Il faudra attendre 2020 pour qu’un vent de reconnaissance souffle enfin sur son travail. Luis Alvarado, fondateur du label Buh Records, découvre son œuvre sur Facebook et entreprend de la réhabiliter. En 2022, son premier album Aquatic And Other Worlds (1983-1989) voit enfin le jour, suivi aujourd’hui par Travesías, un recueil de pièces composées entre 1986 et 1994 et restées inédites jusqu’à présent. Travesías prolonge cette plongée dans l’univers onirique de Linde, en explorant la distance sous toutes ses formes : des abysses aux confins du cosmos. Trois morceaux phares de son concert de 1991 réapparaissent, Mundos flotantes, Horizontes lejanos, et Arrecifes del espacio, comme une cartographie sonore du voyage entre rêve et réalité. Il s’en dégage une atmosphère vaporeuse, presque fantasmagorique, à mi-chemin entre l’impressionnisme, la musique électroacoustique, les bandes-son de films synthétiques et l’ambient new age. Avec ses nappes profondes, ses textures brumeuses et ses mélodies planantes, son style défie toute classification. Ses compositions oscillent entre musique expérimentale, ambient et minimalisme, empruntant autant aux partitions impressionnistes qu’aux atmosphères de la musique concrète. Cette ambiguïté temporelle confère à son travail une aura mystérieuse, presque hors du temps. Chaque morceau semble être une fenêtre sur un monde englouti, un territoire inconnu révélé trois décennies plus tard.

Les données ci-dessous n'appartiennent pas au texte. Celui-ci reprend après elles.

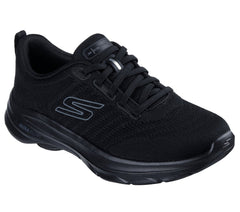 Skechers online | GO WALK 8 - Britt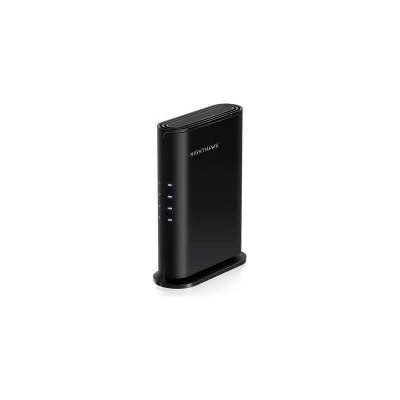 NETGEAR RAX9-100EUS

Parmi les compositions les plus marquantes, Sahara, enregistré en 1994, trahit son admiration pour Claude Debussy. Linde raconte qu’enfant, elle avait été fascinée par La Cathédrale engloutie, cette vision d’une église sombrant dans les profondeurs, baignant dans des teintes de bleu et de gris. Sahara prolonge cette impression d’immensité, mais dans un univers aride où les dunes remplacent les vagues. Sa musique trouve aussi un écho inattendu dans le domaine du bien-être. Le guérisseur Julio César González, conquis par ses sons, lui commande une série de morceaux pour accompagner des séances de méditation. De cette expérience naissent sept pièces, dont quatre figurent dans Travesías. À travers Luciérnagas en los manglares, Kerepacupai vena et Estrellas I & II, Linde s’inscrit dans un mouvement qui, dès les années 80, explore la rencontre entre musique électronique et quête spirituelle, aux côtés de figures comme Pauline Anna Strom ou Agartha. Il y a une étrangeté précieuse à découvrir aujourd’hui ces compositions longtemps restées dans l’ombre, comme des fragments d’une époque révolue retrouvés sur des bandes oubliées. Travesías n’est pas qu’un simple hommage : c’est une invitation à l’évasion, une plongée dans une musique suspendue entre les étoiles et les abysses, qui rappelle que l’histoire de la musique électronique reste encore à découvrir.